:: Your assignment ::
From the listing that follows, reproduce only the lines from the one holding "Thank you for" through the one holding "Hi everyone, this", both included, with no pictures.

:: Entries shown ::
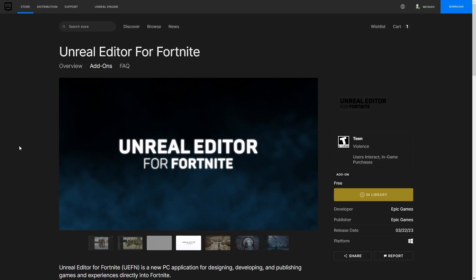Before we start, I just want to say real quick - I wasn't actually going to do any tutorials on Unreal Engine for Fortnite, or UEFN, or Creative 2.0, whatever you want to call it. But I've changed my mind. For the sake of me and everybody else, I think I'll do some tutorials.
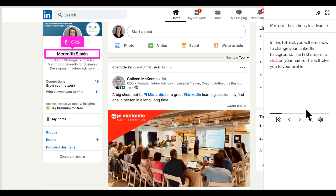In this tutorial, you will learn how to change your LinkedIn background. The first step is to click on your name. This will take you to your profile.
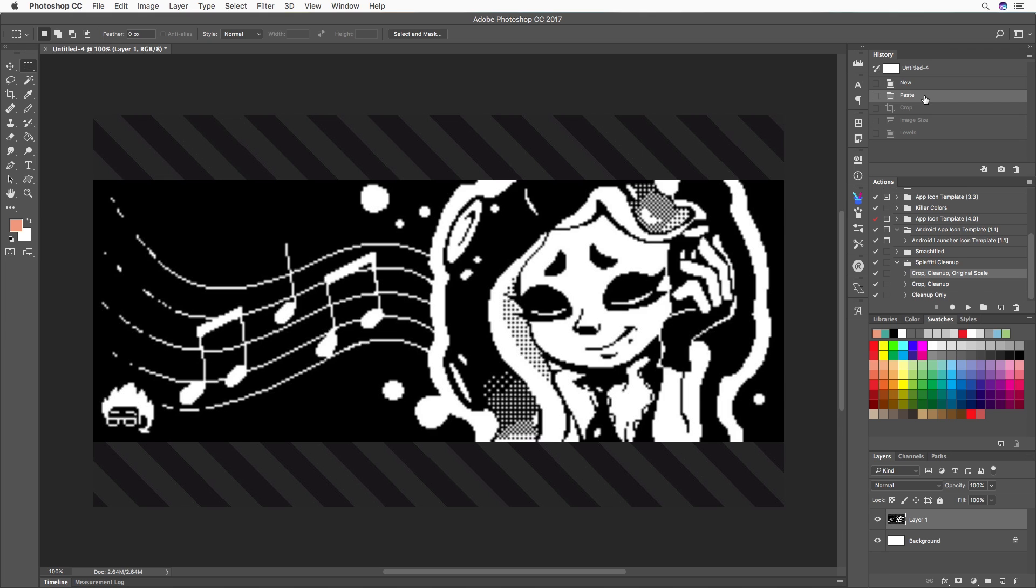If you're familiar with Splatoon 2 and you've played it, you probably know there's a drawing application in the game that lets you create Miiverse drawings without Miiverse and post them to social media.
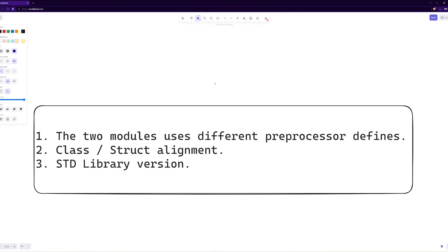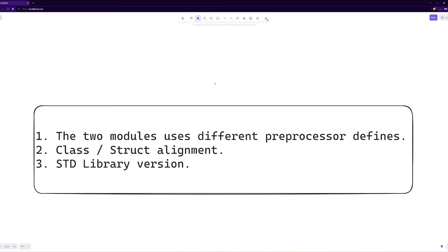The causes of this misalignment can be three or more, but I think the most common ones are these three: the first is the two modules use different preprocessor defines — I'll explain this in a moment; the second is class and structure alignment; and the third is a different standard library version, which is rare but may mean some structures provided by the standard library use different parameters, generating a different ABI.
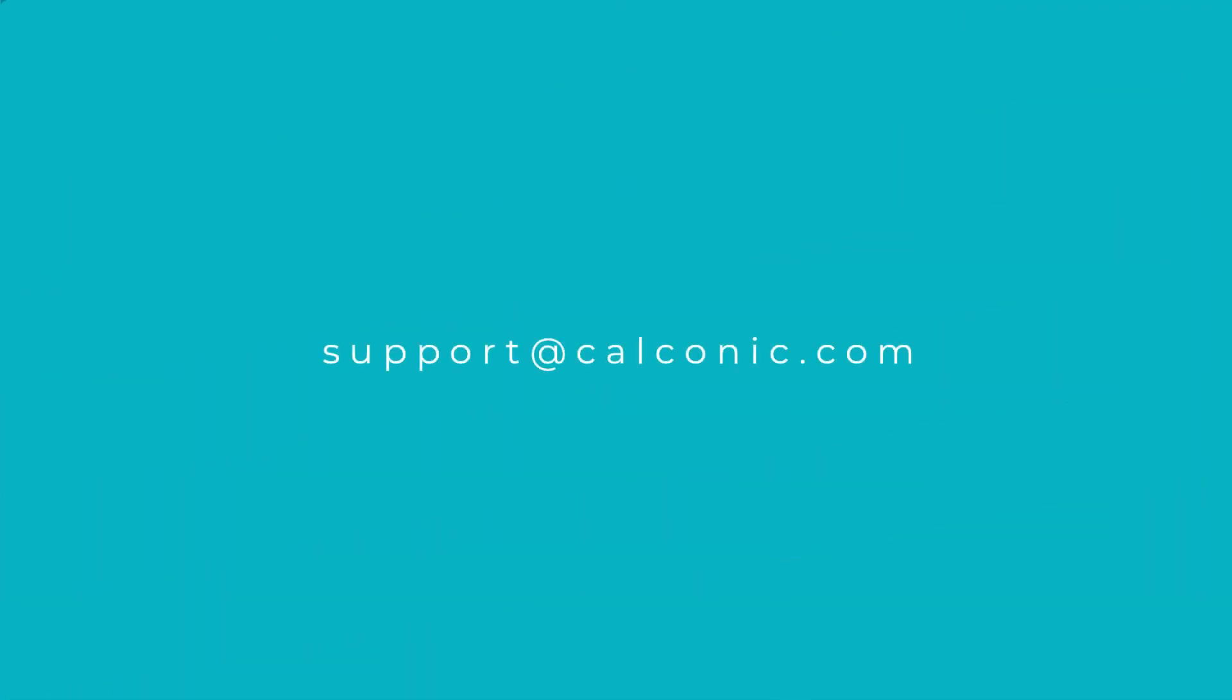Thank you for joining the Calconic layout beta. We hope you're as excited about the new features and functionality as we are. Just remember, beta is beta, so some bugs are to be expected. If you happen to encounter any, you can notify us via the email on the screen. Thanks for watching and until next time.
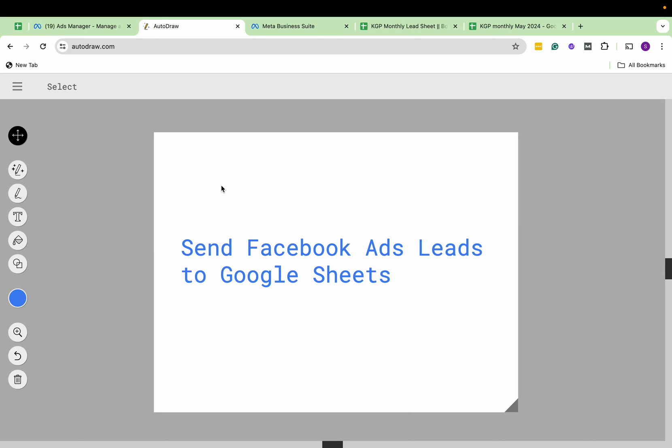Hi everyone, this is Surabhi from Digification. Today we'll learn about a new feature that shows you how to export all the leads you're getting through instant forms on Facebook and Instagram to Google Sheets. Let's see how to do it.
---
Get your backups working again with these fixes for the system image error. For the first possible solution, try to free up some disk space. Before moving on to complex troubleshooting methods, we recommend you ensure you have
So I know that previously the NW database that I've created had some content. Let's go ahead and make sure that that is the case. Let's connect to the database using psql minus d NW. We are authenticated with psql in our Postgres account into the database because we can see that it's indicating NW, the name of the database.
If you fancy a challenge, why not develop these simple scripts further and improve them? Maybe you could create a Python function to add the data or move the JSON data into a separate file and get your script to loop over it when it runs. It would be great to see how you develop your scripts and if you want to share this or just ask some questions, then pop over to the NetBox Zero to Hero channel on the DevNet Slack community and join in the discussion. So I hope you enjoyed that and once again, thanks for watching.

:: Solution below ::
Thank you for joining the Calconic layout beta. We hope you're as excited about the new features and functionality as we are. Just remember, beta is beta, so some bugs are to be expected. If you happen to encounter any, you can notify us via the email on the screen. Thanks for watching and until next time.
Hi everyone, this is Surabhi from Digification. Today we'll learn about a new feature that shows you how to export all the leads you're getting through instant forms on Facebook and Instagram to Google Sheets. Let's see how to do it.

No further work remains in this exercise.